The Cadiz Water Project is an example of the CEQA process working. Since its first iteration in the year 2000 and over the course of the current review process, the project has been amended significantly to address concerns about environmental impacts. For example, the old project would have been built on virgin public lands, and could have impacted various species. Today’s project will use an existing, disturbed railroad right-of-way instead, avoiding these habitats.  Also, the old project was only constrained by its only Project participant at the time, the Metropolitan Water District of Southern California. Today’s project is subject to the independent enforcement authority of San Bernardino County, not a Project participant, which can cut off the project’s operations at any time if we are in violation of the management plan–  an independent enforcement mechanism long sought by critics, including Senator Dianne Feinstein.

By targeting a CEQA success story with “do over” “double jeopardy” reviews, AB 1000 not only undermines the environmental review process for this particular project – but it also sends a dangerous message about the strength, the importance and the supremacy of California’s environmental review process and environmental laws.

Why does that matter? Because undermining this process puts not only jobs and critical infrastructure development projects – like solar and renewable energy, affordable housing and school and hospital construction projects – at risk, but it puts the environment at risk as well. Political will changes quickly, and undermining CEQA now to block a project certain groups don’t like is short-sighted and can quickly be abused by those groups who’d rather scrap CEQA and its checks on development entirely.

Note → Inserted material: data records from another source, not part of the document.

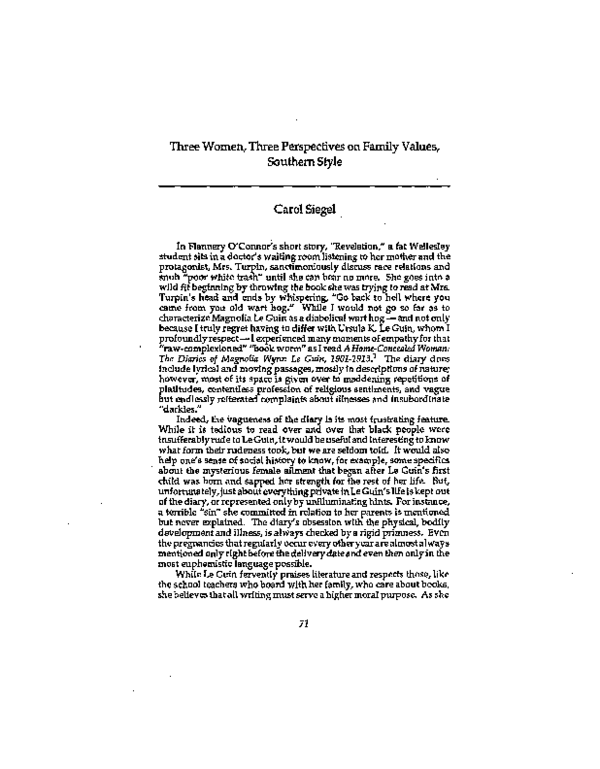 (PDF) Three women, three perspectives on family values, southern style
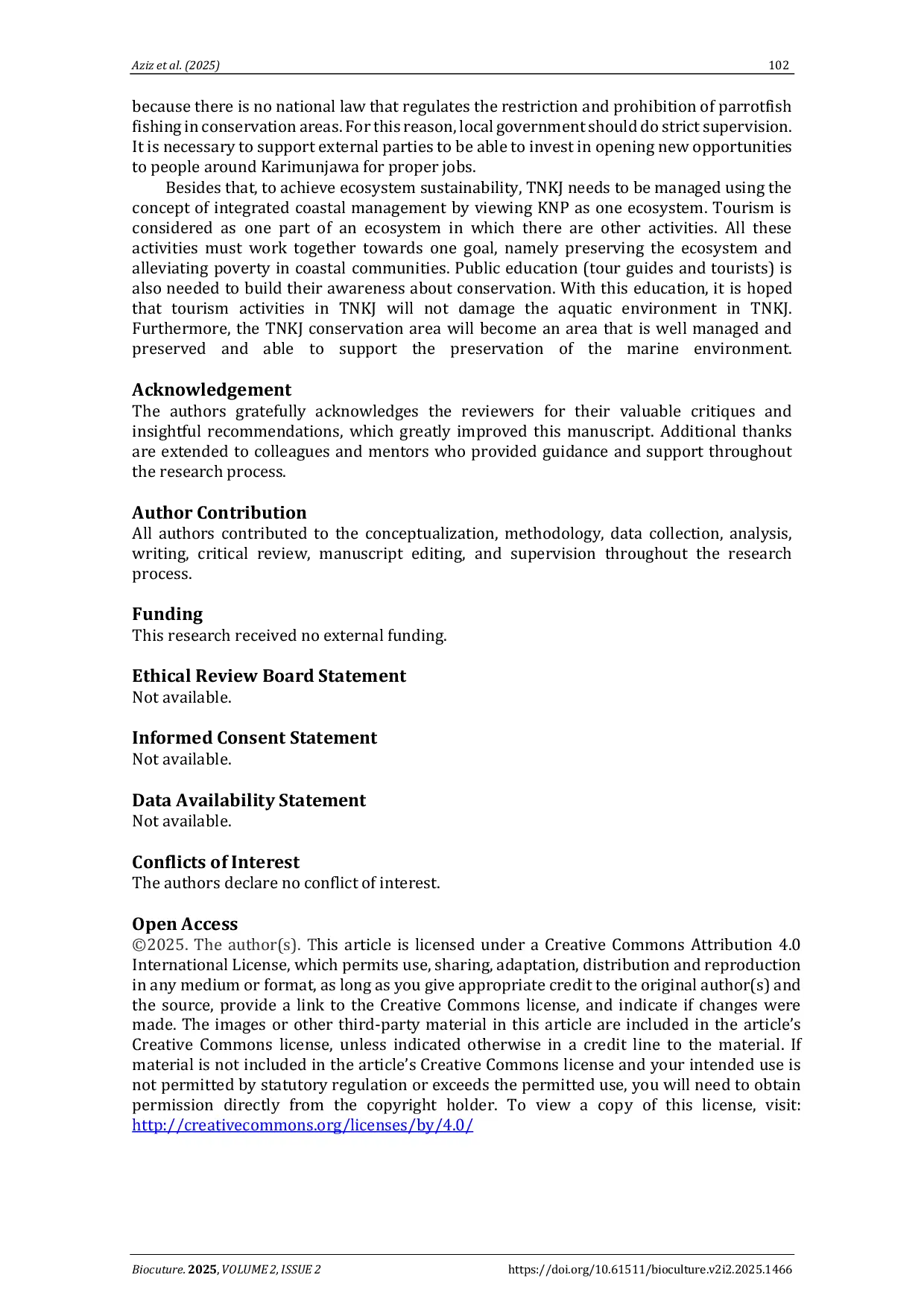 JURIS The role of humans in the sustainability of marine ecosystems A case study on the conservation of parrotfish and its ecological impact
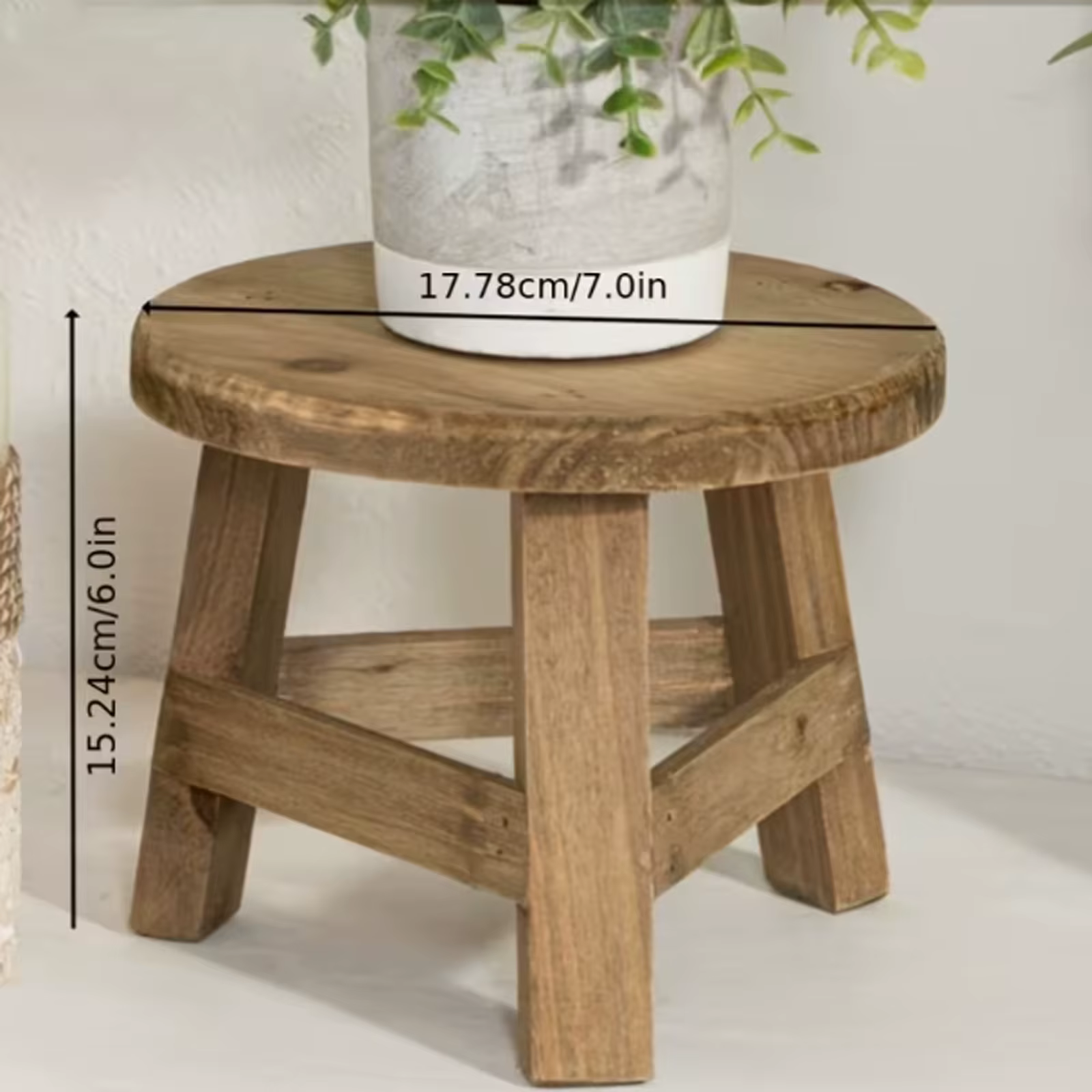 1 pièce Support de plantes rustique en bois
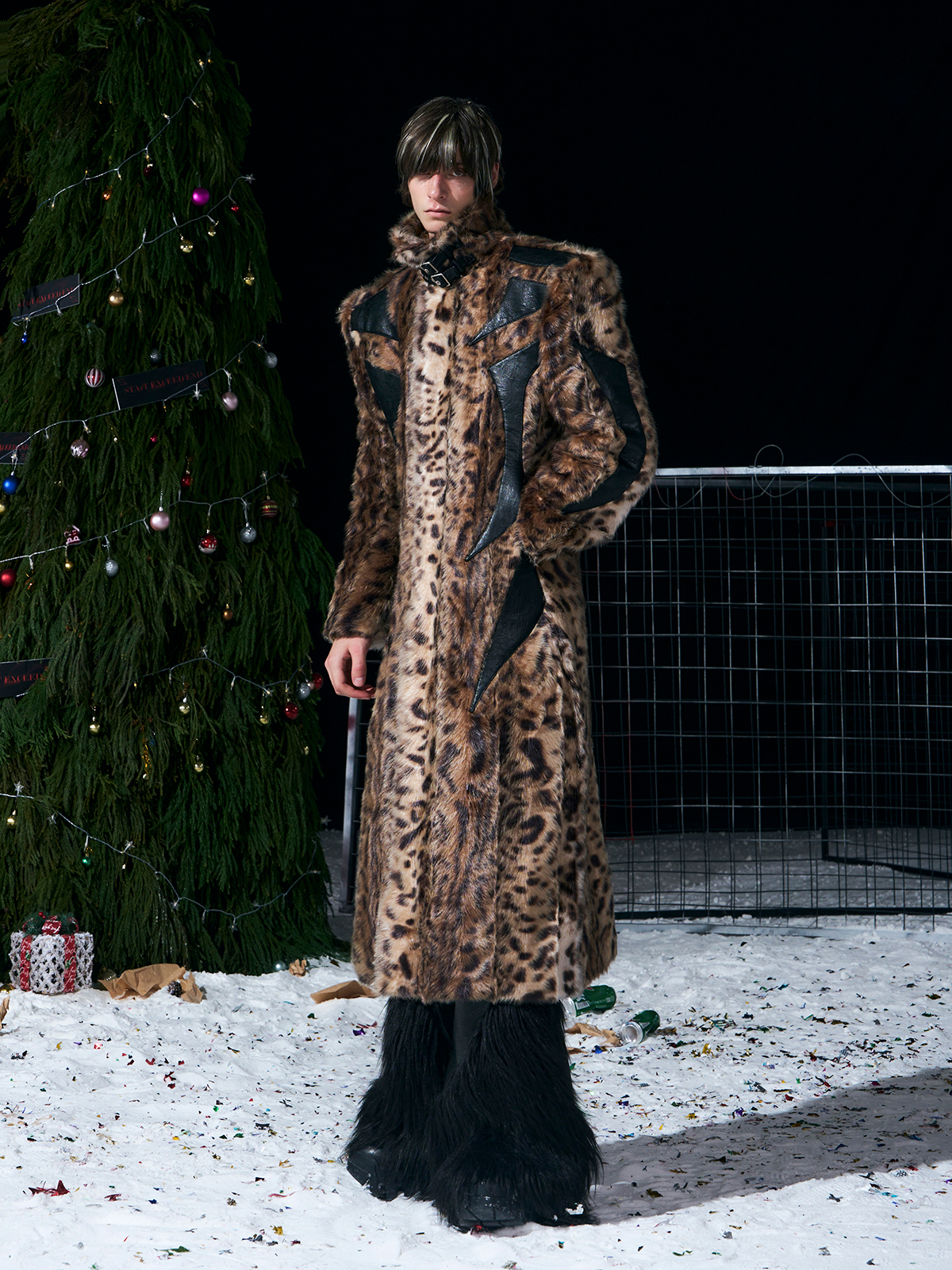 LEOPARD FAUX FUR LEATHER-PANEL MAXI COAT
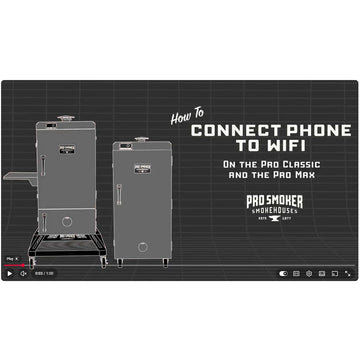 Pro Smoker mobile app screens for connecting to Wi-Fi and remotely controlling Pro Max and Pro Classic electric smokers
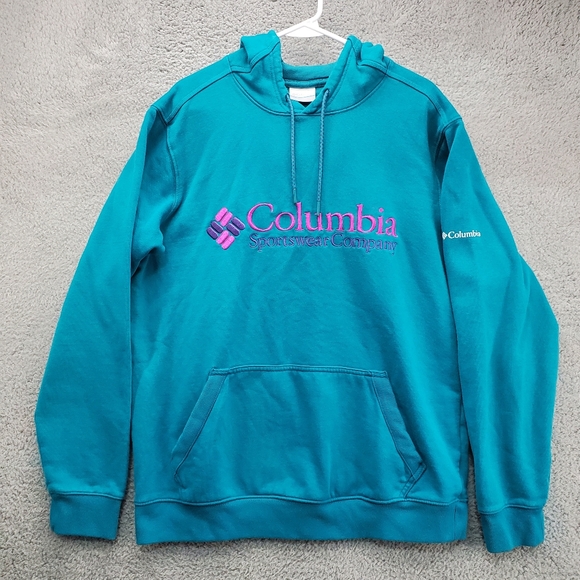 Columbia Sportswear Hoodie Sweatshirt Mens Large Blue Embroidered Logo - Picture 1 of 8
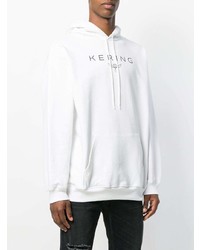 Sweat à capuche imprimé blanc Balenciaga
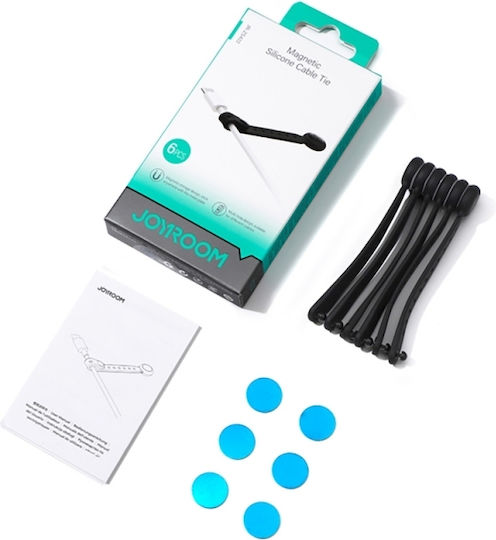 Joyroom Jr-zs422 Cable Organizer Silicone Band Magnet Set 6 Pieces – Black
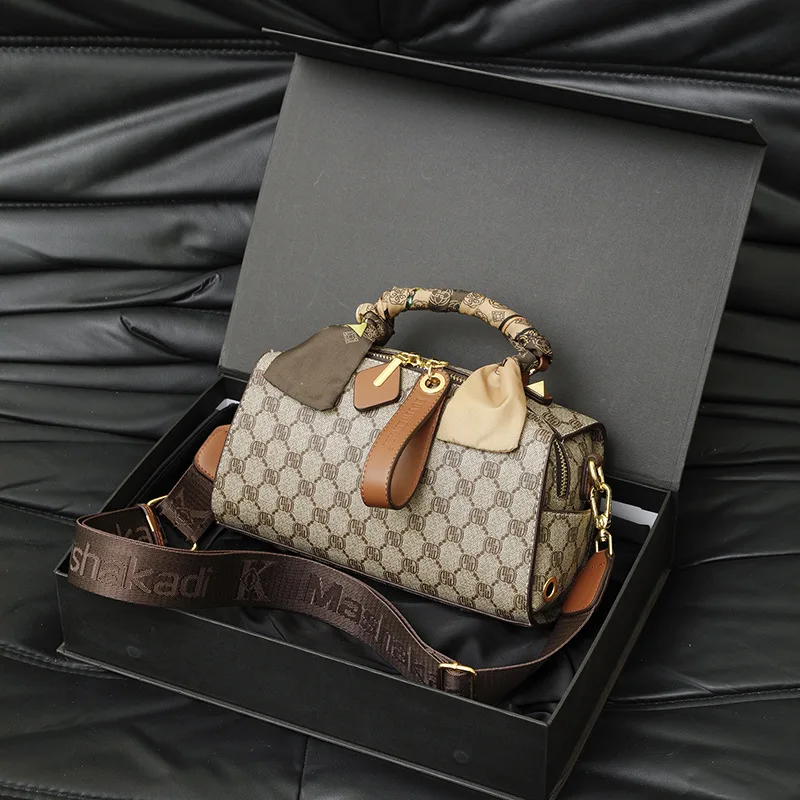 حقيبة بمقبض علوي مطبوعة عتيقة لعام 2025، محفظة كروس نسائية فاخرة، حقيبة كاجوال من اليوم إلى الليل، حقيبة حبال، حقيبة جلدية بسيطة #2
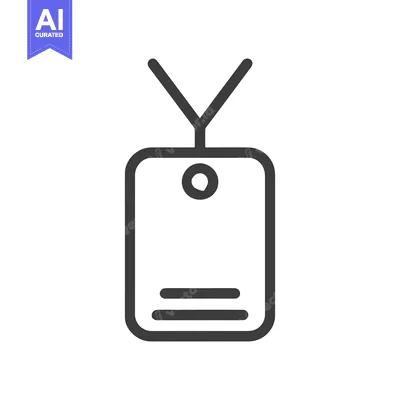 Minimalist Badge Icon: Simple Identification Tag with Lanyard Design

AB 1000 is opposed by more than 75 local, state and national labor, business, water agencies and organizations as well as government officials from both sides of the aisle, in part because of the risky precedent that would mostly be borne by California’s working families. The State Senate rightfully put the bill aside earlier this month. It would be a grave disservice to the people of California to jam the bill through during the final days of the legislative session as proponents of AB 1000 have been seeking. It’s exactly the kind of rule bending and breaking that Californians loathe and never forget – especially when reliable water and good jobs are at stake.